LIHU‘E — Beginning next month, the county will be suspending its “Shelter in Place” program that had issued permits to houseless individuals and families to live at county-owned beach parks.
On March 4, 2020, Mayor Derek Kawakami signed into effect an emergency rule that established five beach encampments at county campgrounds, including Lucy Wright Park, Salt Pond Beach Park, Anahola Beach Park, ‘Anini Beach Park and Lydgate Park.
That first month, 254 camping permits were issued across the parks, and the number of permits remained fairly steady across the past nine months. In February, that number was 233, and at its peak in July, 275 permits were issued.
“We’ve always said that our Shelter in Place program would be temporary,” Kawakami said. “It was established at the start of our COVID-19 emergency response in spring 2020, when we closed recreational camping to avoid large gatherings and wide community spread of the disease.”
The mayor’s rule also closed all other county campgrounds and canceled previously-issued permits through the end of the year.
The program, Kawakami said, gave stability to the houseless community during an uncertain time.
“It also allowed our existing houseless population a safe place to stay while we navigated through the unprecedented challenges of the pandemic,” Kawakami said.
According to the Centers for Disease Control and Prevention, the unsheltered, houseless population is at risk for community spread of COVID-19. The CDC recommends overflow shelters, isolation and quarantine campsites and sufficient signage about the virus.
Now, Kawakami is pointing to a steady vaccine effort and “consistently low” case counts as a sign of recovery.
“To date, we have administered over 19,000 vaccines, and our businesses and activities remain operating at Tier 4 — our least restrictive tier,” Kawakami noted.
By the first camp closure date, March 31 for both ‘Anini and Anahola beach parks, the county is hoping to have offered all houseless residents the vaccine through joint efforts by the state Department of Health, Ho‘ola Lahui and Malama Pono Health Services, county Managing Director Michael Dahilig said.
Camping permits at Lucy Wright will end April 30, May 31 at Lydgate, and June 30 at Salt Pond.
“We decided to try and spread out closures geographically in phases, closing campgrounds for one side of the island then moving to the other side of the island: Anahola/‘Anini (north/northeast), then Lucy Wright (west), then Lydgate (east) and finally Salt Pond (west),” said Patrick Porter, director of the county Department of Parks and Recreation.
About a month after each closure, the county will reopen that park to recreational camping for the general public. Permit applications are not being accepted at this time, according to the county.
The month-long closure between houseless living quarters and recreational use will be used for site cleanup, maintenance and facility repairs that are to be determined, Porter said.
“We anticipate major ground-clearing, painting, potential plumbing and fixture replacements,” Porter said.
Those living at the camps have been notified by park rangers verbally and through written notices, Porter said.
“The notifications will be hand-delivered by park rangers as well as included as part of the campers’ monthly permit renewals in the beginning of March, April, May and June,” Porter said.

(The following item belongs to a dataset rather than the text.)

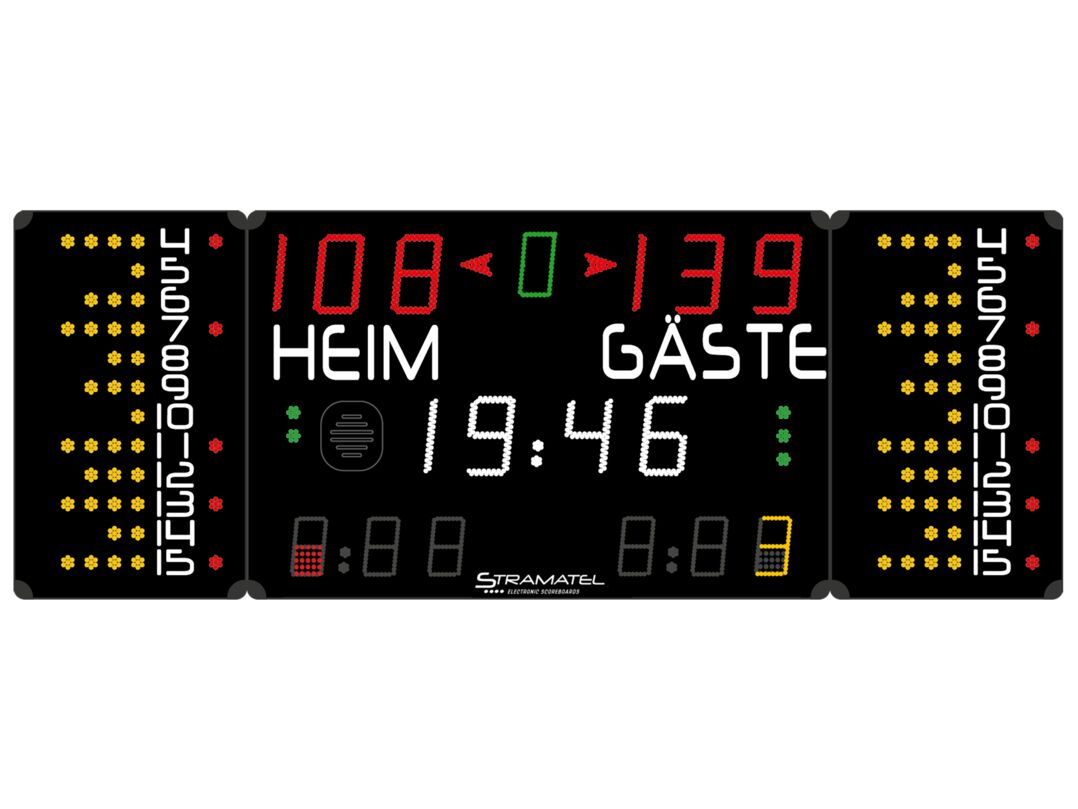 Stramatel® Multisport MD Indoor Scoreboard, three modules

Porter said his department and the County Housing Agency will be providing assistance throughout the transition period with social-services agencies.

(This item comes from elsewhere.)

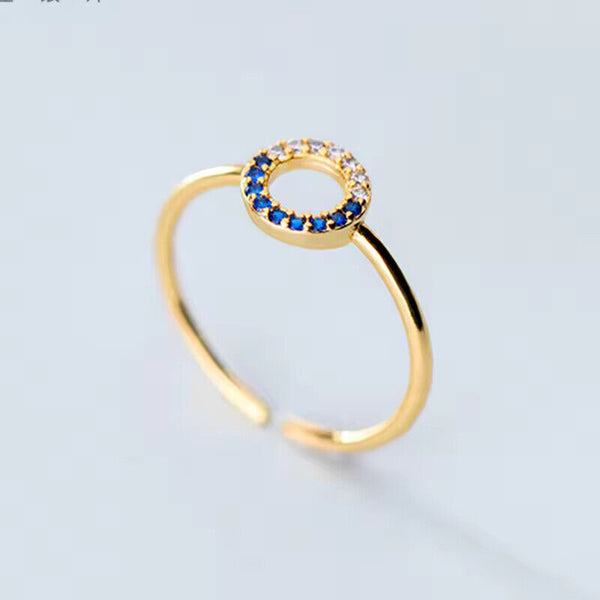 Damen Ring runde Motiv, Sterling Silber 925, blauer Zirkon, größenverstellbar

Throughout 2020, the CHA hosted houseless outreach events across the island including the beach parks, providing essential services like flu shots, vision screenings, hygiene products and food, and helping to sign up for housing and bus-pass programs, CHA Director Adam Roversi said.

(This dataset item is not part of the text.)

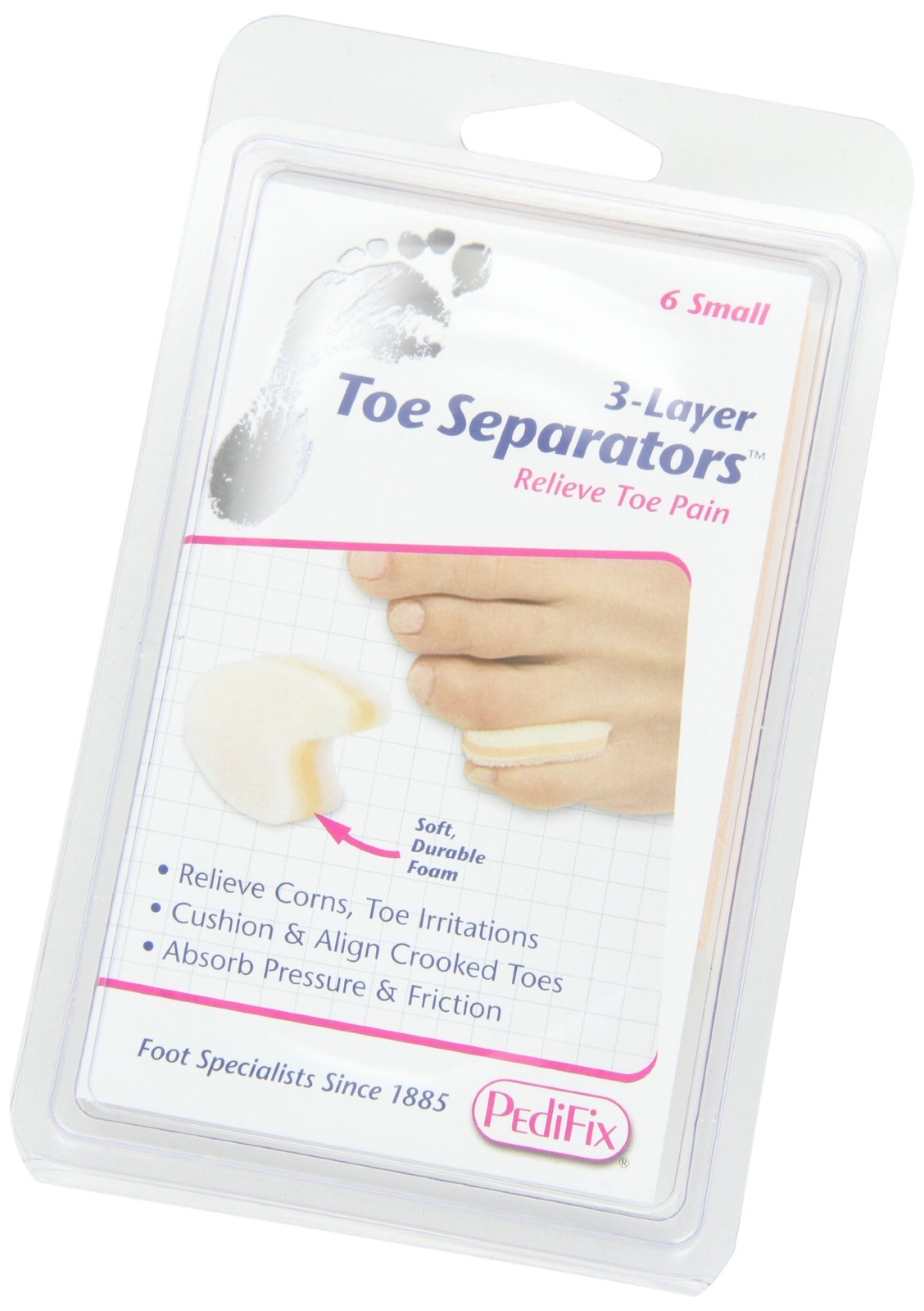 Pedifix 3-layer Toe Separators, 6-Count (Pack of 2), Small 6-count(Pack of 2)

“Each day of the week, local nonprofits conduct outreach to the beach parks and beyond in various capacities, including Kaua‘i Economic Opportunity, Family Life Center and Ho‘ola Lahui,” Roversi said.
As the closures eek closer, Roversi said the agency’s houseless coordinator is scheduling “concentrated outreach events” at the encampments.
“Specific dates for these outreach efforts will be announced as they are finalized,” Roversi said. “These events will specifically focus on connecting homeless individuals and families with programs related to housing and social services.”
On Wednesday, Feb. 24, the Kaua‘i County Council’s Parks and Recreation/Transportation Committee will be briefed on the status of the camping-permit program.